The sonnets explicitly show his adoration for the young man, and the Procreation poems speak of the Youth’s extreme beauty and urge him to marry and beget children, so his beauty can be passed on. “Shall I compare thee to a summer’s day?” is a Fair Youth poem. There is a repeated wish to immortalize the Youth’s beauty in poetry. You could read these sonnets as expressions of friendship, sure, or as an older man wishing to guide and encourage a younger man he cares for, but through historical context it is also entirely acceptable to interpret these as Shakespeare expressing strong romantic feelings towards the Youth. No matter where you sit in the debate it is interesting that Summer’s Day is considered one of the most famous romantic poems of all time and that it is assumed to be about a woman when in actuality it is written to a man.

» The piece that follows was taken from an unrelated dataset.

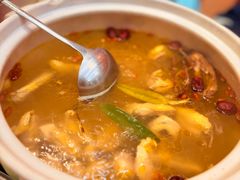 五指毛桃石橄榄鸡煲-金龙·打边炉(南京西路店)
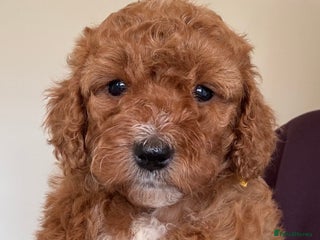 Cockapoo dogs - Advert 2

Poetry in itself is always subjective. No two people can possibly feel every ounce of same emotion when experiencing words others have written. Poetry is there to evoke emotion and create feeling. Shakespeare’s purpose for these sonnets are a mystery, which leaves little room for realistic knowledge of them but opens a world of imagination and interpretation. However, we don’t need to know his intentions. We should accept that the author-character that emerges from the sonnets is not created for our convenience. It is not necessarily William Shakespeare, the man; it is William Shakespeare, the poet.

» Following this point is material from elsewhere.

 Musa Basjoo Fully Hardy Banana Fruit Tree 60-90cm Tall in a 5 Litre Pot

While reading the sonnets, I was overcome with a multilayered experience. It is easy to pick out themes such as power, love, beauty, morality, and sensuality, but actually drowning emotionally into every word is a journey all on its own. Too often we search for the meaning of the writing from the authors perspective. The beauty in Shakespeare’s Sonnets is there is no reason to search for any meaning outside of our own interpretation of how it relates to our self. How beautiful is it to lose yourself in something for nothing more than yourself?
I don’t pretend to know the real, true meaning of any of the sonnets. Great poems are great because of the different interpretative possibilities they offer: they’re expansive rather than constricting. In other words, there is no ‘real meaning’. I’m not certain that any one sonnet is more significant than another. They are all exquisite, ugly, simple, and complex, depending on how they reach you.